Caption-style text data
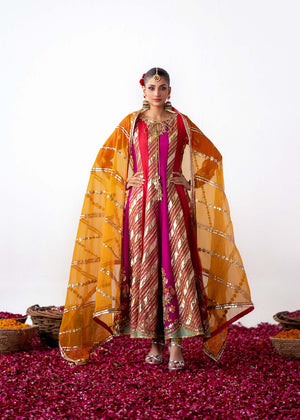 Pakistani Multicolour Embroidered Organza Pishwas Dress (3-Piece) - Image 3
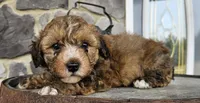 blaze, a male Poodle - Toy  for sale in Grabill, IN – Photo 4 of 5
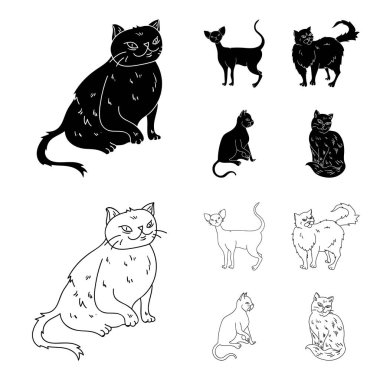 Farsça, Cornish rex ve diğer türler. Kedi doğurmak toplama simgeler siyah, anahat stili vektör simge stok çizim web içinde ayarla..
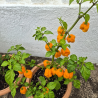 Dragon's Breath Laranja – Sementes de Pimenta Super Hot | Capsicum chinense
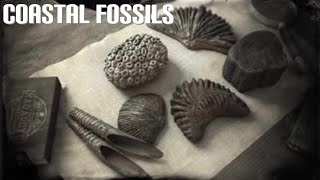 RED DEAD ONLINE  COASTAL FOSSILS  AGATIZED CORAL FOSSIL [upl. by Ydaf]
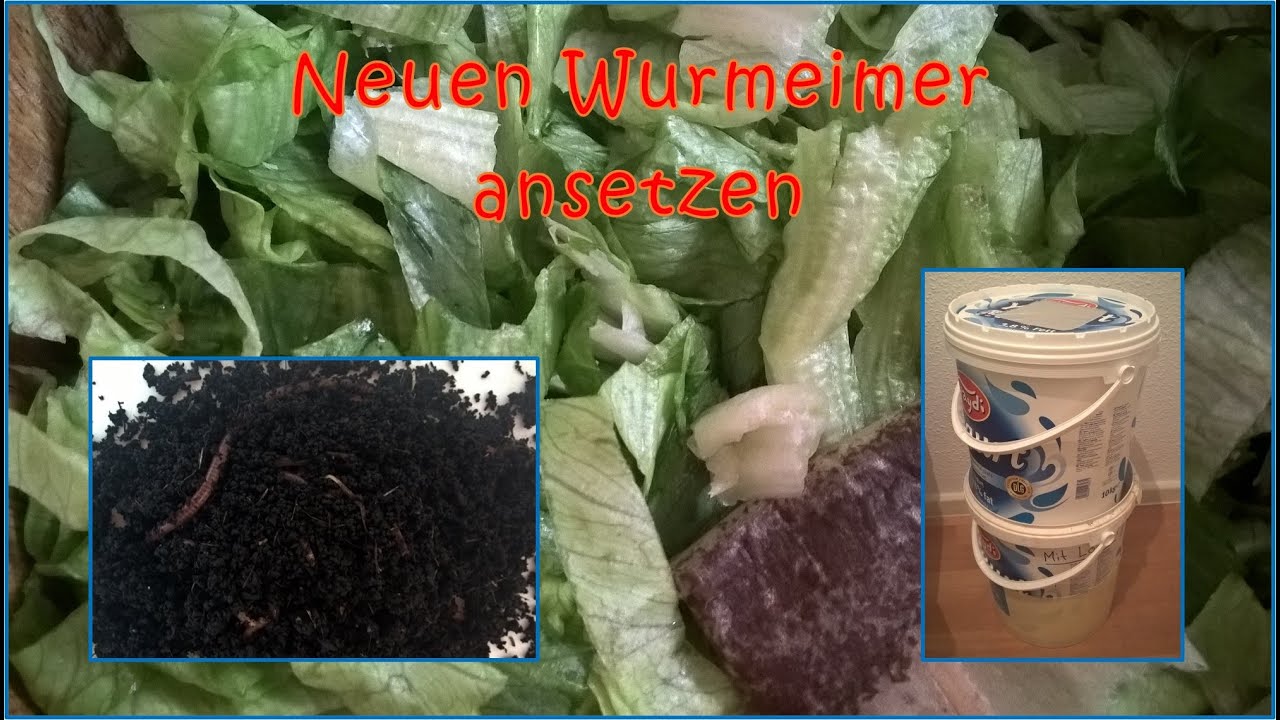 Wie ich einen neuen Wurmeimer ansetze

_Your assignment:_
Here the lines from the one with "Farsça, Cornish rex" through the last line of the data above need to be repeated exactly, both included, and any picture omitted.

_Answer box:_
 Farsça, Cornish rex ve diğer türler. Kedi doğurmak toplama simgeler siyah, anahat stili vektör simge stok çizim web içinde ayarla..
 Dragon's Breath Laranja – Sementes de Pimenta Super Hot | Capsicum chinense
 RED DEAD ONLINE  COASTAL FOSSILS  AGATIZED CORAL FOSSIL [upl. by Ydaf]
 Wie ich einen neuen Wurmeimer ansetze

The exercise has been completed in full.